**PROBLEM TO SOLVE**
All that is needed is the line containing "kitchen featuring decorative" and the lines after it to the end of the material, written out exactly, pictures left aside.

**PROVIDED MATERIAL**
*** Block opens ***

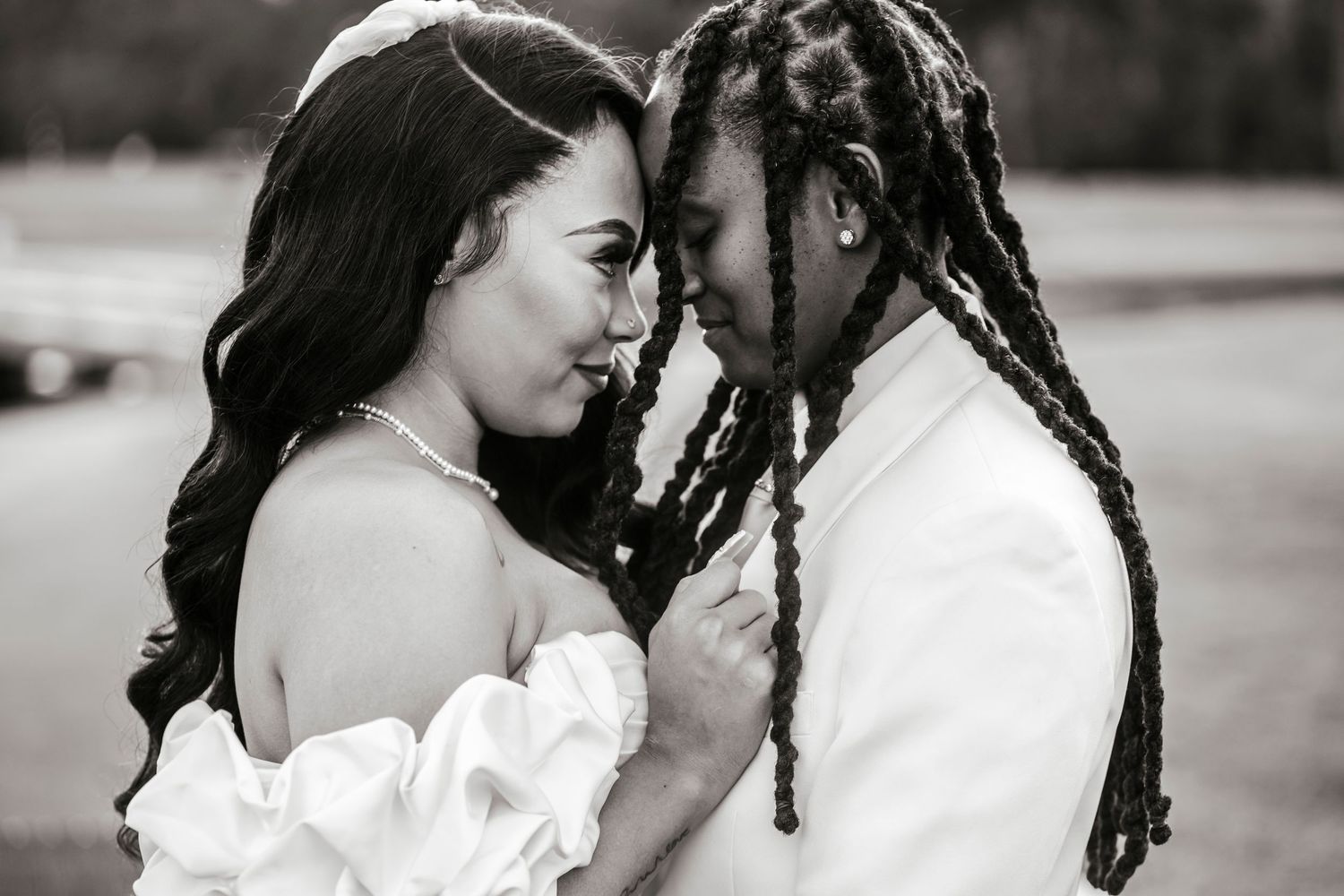 A romantic series of black and white photos showing intimate moments between a loving couple in wedding attire.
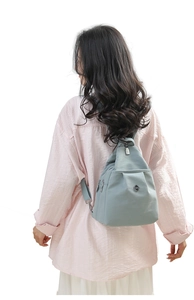 Rear view of a model wearing the light grey-blue nylon backpack for size and fit context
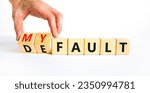 Small photo of Default is my fault symbol. Concept words Default and My fault on wooden cubes. Beautiful white table white background. Businessman hand. Business default is my fault concept. Copy space.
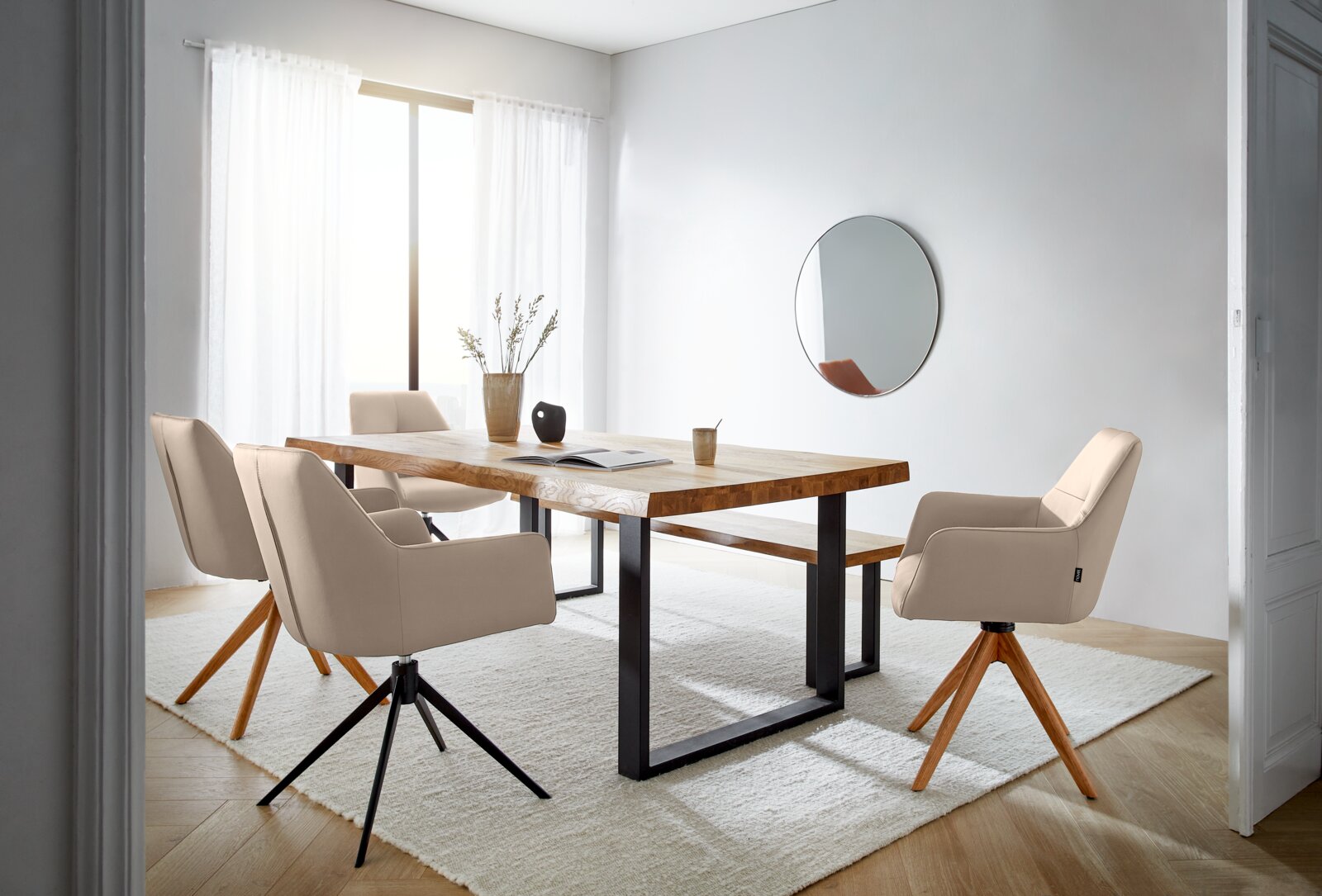 Moderner Essbereich mit einem großen Holztisch und mehreren beigen Armlehnstühlen auf einem hellen Teppich, seitliche Perspektive.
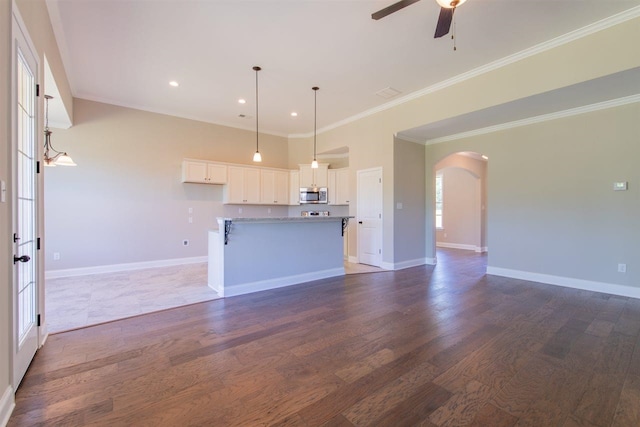 kitchen featuring decorative light fixtures, ceiling fan, white cabinetry, and dark wood-type flooring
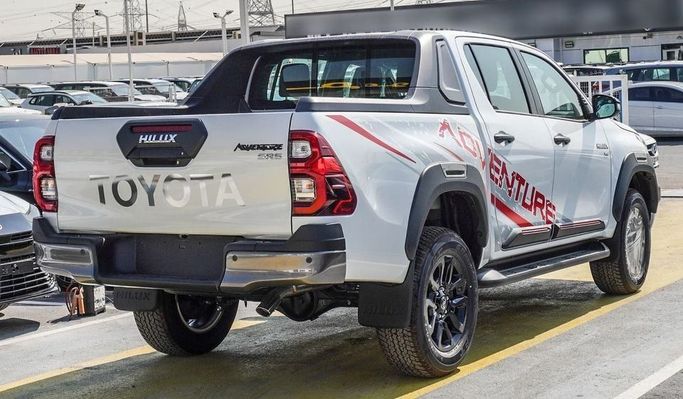 New Toyota Hilux VIII Facelift, 2.7 l, 2023 in Dubai by Najem Motors, White color. GCC Specs | AUTO.AE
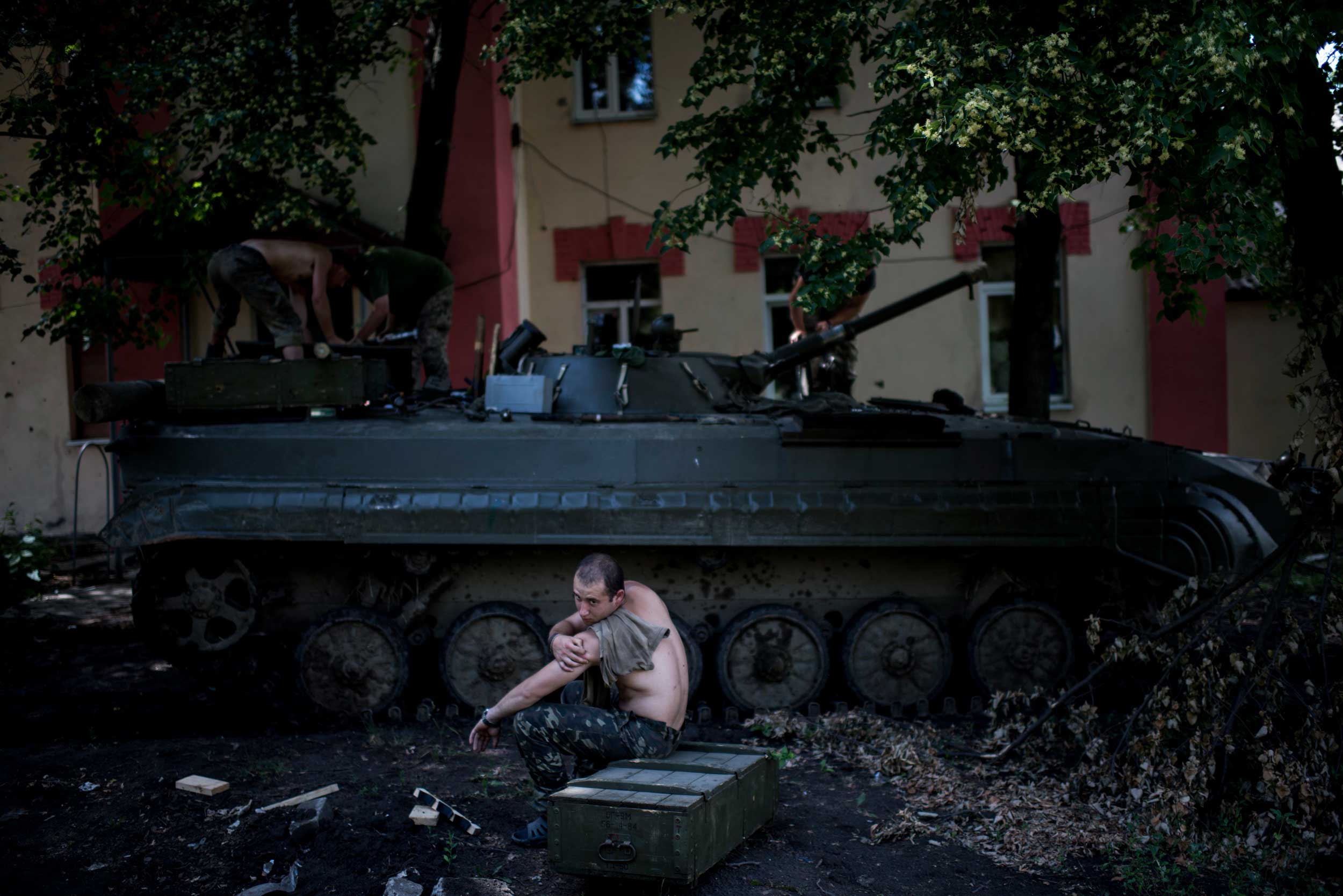 A Ukrainian serviceman rests after loading ammunition to an armoured personnel carrier (APC) in position in Krymske village, Luhansk region, eastern Ukraine, June 20, 2015.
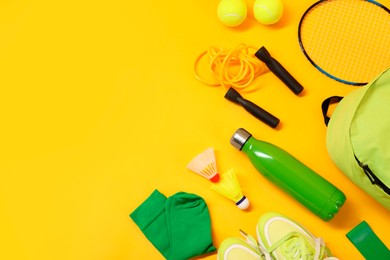 Photo of Different sports equipment on yellow background, flat lay. Space for text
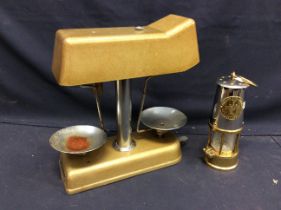A 1960s universal money checker weighing scales along with a Eccles miners lamp.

*** Block closes ***

**ANSWER BOX**
 kitchen featuring decorative light fixtures, ceiling fan, white cabinetry, and dark wood-type flooring
 New Toyota Hilux VIII Facelift, 2.7 l, 2023 in Dubai by Najem Motors, White color. GCC Specs | AUTO.AE
 A Ukrainian serviceman rests after loading ammunition to an armoured personnel carrier (APC) in position in Krymske village, Luhansk region, eastern Ukraine, June 20, 2015.
 Photo of Different sports equipment on yellow background, flat lay. Space for text
A 1960s universal money checker weighing scales along with a Eccles miners lamp.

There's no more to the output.